Facebook Groups are spaces where people gather around a shared interest, cause, or location to post, discuss, and connect, and they’re one of the most engaged parts of the platform. Unlike a Page, which broadcasts to followers, a Group is two-way: members talk to each other and to you. That makes Groups valuable both for individuals seeking community and for businesses building an audience that actually participates rather than just scrolls past.

Key Takeaways

  • Around 1.8 billion people use Facebook Groups each month (Meta, 2021 figure, still cited).
  • Groups now have two privacy settings: Public and Private (Private can be Visible or Hidden).
  • Admins control settings and see Group Insights; moderators handle content and members.
  • For businesses, a Group builds engaged community in a way a Page or ad can’t.

Groups are where Facebook’s community really lives, and Meta has leaned into them precisely because the engagement is so high. This guide covers how to find, join, create, and manage Groups, with current 2026 features and terminology, and how businesses can use them well. It’s part of our wider look at Facebook for business.

How do you find and join Facebook Groups?

You find Facebook Groups by searching keywords related to your interest, then filtering and requesting to join the ones that fit. Facebook also recommends Groups based on your interests and what your friends have joined, so discovery is partly automatic.

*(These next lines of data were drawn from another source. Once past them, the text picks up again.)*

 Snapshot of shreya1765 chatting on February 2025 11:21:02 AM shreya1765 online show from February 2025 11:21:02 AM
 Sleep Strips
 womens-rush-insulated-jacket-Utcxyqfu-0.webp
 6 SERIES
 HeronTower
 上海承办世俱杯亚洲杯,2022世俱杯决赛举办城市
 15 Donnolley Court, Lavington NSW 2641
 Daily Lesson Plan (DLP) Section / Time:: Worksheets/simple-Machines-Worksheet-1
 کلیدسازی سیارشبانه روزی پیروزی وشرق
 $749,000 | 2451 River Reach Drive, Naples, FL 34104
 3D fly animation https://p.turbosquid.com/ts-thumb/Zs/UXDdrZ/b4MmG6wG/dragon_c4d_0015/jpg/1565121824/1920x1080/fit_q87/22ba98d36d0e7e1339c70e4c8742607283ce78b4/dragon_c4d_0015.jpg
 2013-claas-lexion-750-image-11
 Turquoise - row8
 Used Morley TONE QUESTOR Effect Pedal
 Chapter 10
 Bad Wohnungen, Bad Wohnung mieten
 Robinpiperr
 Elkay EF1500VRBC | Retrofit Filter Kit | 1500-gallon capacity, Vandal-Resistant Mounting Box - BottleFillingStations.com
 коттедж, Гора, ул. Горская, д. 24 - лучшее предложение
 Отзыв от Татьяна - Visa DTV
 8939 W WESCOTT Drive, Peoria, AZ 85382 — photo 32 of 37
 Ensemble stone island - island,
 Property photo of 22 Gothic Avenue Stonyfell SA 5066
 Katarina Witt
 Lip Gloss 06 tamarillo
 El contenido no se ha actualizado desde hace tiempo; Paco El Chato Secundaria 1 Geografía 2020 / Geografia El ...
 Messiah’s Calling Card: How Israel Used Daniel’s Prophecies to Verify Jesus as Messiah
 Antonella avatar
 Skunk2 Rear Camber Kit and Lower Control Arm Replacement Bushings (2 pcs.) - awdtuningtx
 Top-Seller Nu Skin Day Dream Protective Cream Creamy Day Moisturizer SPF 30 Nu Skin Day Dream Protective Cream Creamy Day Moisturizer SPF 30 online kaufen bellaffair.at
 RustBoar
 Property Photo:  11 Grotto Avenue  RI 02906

The process is simple: sign in, use the search bar to look up a topic, and filter the results. Before joining, read the group’s description and rules to check it’s the right fit, then click Join; some Groups admit you instantly, while others require admin approval or a few membership questions to keep the community relevant. Once you’re in, review the notification settings (under the group, you can choose all posts, highlights, or off) so you get the right amount of activity without being overwhelmed. A quick note on privacy you’ll see when browsing: Groups are now either Public (anyone can see posts and members) or Private (only members can), and a Private group is additionally either Visible or Hidden in search. This replaced the older Public/Closed/Secret labels, so if you remember those, Closed is now Private-Visible and Secret is now Private-Hidden.

How do you create and manage your own Group?

You create a Group from the Create menu, set its name, privacy, and purpose, then manage it through admin tools and consistent engagement. Starting a Group is quick; growing a healthy one is the real work, and it comes down to clear purpose, active moderation, and giving members a reason to participate.

To set one up: choose Create, then Group; name it; pick Public or Private; add a description, cover photo, and rules; and invite some initial members. From there, management rests on two roles. Admins have full control, settings, membership, rules, and access to Group Insights (a dashboard showing growth, engagement, and active times). Moderators are a step down: they review and remove posts, manage members, and enforce the rules, but can’t change settings.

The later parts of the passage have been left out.